When going to the loo, try to relax and breathe normally. If you hold your breath and strain, you’ll tense up your anus – whereas you should be aiming to relax your anus to allow the stools to pass. Take your time (and have privacy), but try not to spend endless time in the toilet straining. If your bowels do not open, try again at the same time next day.
Some types of drugs commonly taken in MS are can cause constipation, including:
- drugs used to treat over-active bladder in MS such as oxybutynin (brand name Ditropan) or tolterodine (Detrusitol, Detrol)
- anti-spasticity drugs, like baclofen, used to treat muscle stiffness and spasms
- anti-depressants (amitriptyline, fluoxetine – including Prozac – and citalopram)
- some painkillers like pregabalin and gabapentin. Also any with codeine in them (including Co-codamol, Nurofen Plus and Solpadeine Max or Plus) or any with morphine in them like Oramorph
Treatments for constipation include laxatives that can be taken as tablets, capsules, a powder you add water to, or in a suppository (a capsule that you put up your back passage). Stool softeners can be used as a gel that you put inside your bottom using a micro or mini-enema.

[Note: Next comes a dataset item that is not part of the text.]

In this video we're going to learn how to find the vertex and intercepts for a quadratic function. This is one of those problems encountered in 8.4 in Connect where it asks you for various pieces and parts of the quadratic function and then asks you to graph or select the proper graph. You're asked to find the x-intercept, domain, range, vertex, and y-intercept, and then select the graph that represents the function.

Abdominal massage helps some people poo by stimulating the bowel to squeeze poo faster through it. You might use this as well as using laxatives or anal irrigation. A trained person needs to show you how to do this massage safely.

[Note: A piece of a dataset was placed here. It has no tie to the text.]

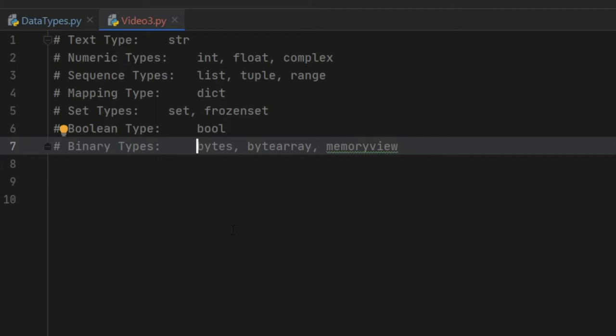Alright, so what is up guys? Welcome to the third part of the beginner Python tutorial. In this video we will be going over the data types that you can use in Python.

You can use a finger (digital stimulation) or hand (manual evacuation) to help you to poo. A specially trained nurse needs to teach you manual evacuation.
If these don’t work, then trans anal irrigation (also called rectal irrigation) might help. You use a pump system to wash your bottom out with water to make you poo – usually every other day. You need a prescription to get the pump system, and a doctor or nurse must teach you have to use it.
Other treatments include biofeedback (training your bowel) and electrical stimulation of nerves in your abdomen (belly). You’ll find more about all these treatments in our booklet ‘MS and your bowels’ or by speaking to your local continence service or MS nurse.